◆ THE PROBLEM
Among the entries below, how many lines contain "Cozy"? Answer with the number only.
═════ LISTED ENTRIES ═════
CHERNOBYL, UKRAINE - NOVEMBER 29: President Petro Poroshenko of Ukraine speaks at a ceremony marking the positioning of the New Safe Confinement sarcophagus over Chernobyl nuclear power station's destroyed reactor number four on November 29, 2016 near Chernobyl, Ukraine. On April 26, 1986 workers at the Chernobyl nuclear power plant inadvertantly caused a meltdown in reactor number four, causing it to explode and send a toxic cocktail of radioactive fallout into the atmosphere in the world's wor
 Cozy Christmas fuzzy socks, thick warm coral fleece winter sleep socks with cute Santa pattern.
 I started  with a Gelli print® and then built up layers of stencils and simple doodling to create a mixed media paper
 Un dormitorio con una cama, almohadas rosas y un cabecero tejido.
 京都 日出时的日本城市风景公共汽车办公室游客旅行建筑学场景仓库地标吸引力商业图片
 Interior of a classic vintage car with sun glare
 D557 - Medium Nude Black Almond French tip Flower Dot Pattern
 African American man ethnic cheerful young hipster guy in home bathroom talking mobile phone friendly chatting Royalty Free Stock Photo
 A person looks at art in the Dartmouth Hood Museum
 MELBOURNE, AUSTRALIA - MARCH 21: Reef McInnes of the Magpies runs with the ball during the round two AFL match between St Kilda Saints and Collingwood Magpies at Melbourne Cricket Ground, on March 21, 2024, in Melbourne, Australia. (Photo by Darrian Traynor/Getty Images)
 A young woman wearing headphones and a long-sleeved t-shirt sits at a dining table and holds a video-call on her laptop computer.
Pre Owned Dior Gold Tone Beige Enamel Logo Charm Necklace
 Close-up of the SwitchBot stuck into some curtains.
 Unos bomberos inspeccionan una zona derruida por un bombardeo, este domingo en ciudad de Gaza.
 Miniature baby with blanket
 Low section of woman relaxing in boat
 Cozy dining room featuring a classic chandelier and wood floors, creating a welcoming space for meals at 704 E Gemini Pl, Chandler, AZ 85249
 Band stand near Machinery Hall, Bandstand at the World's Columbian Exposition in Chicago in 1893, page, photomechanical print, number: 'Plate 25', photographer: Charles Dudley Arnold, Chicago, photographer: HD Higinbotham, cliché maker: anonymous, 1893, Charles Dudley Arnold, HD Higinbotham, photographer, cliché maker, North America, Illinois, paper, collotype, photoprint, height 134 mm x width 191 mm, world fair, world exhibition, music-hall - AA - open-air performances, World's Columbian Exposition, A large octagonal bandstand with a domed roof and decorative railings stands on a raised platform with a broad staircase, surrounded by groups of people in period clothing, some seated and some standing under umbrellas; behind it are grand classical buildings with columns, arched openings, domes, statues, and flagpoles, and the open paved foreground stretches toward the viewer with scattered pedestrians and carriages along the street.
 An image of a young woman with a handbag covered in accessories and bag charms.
═════
◆ EXERCISE ANSWER
2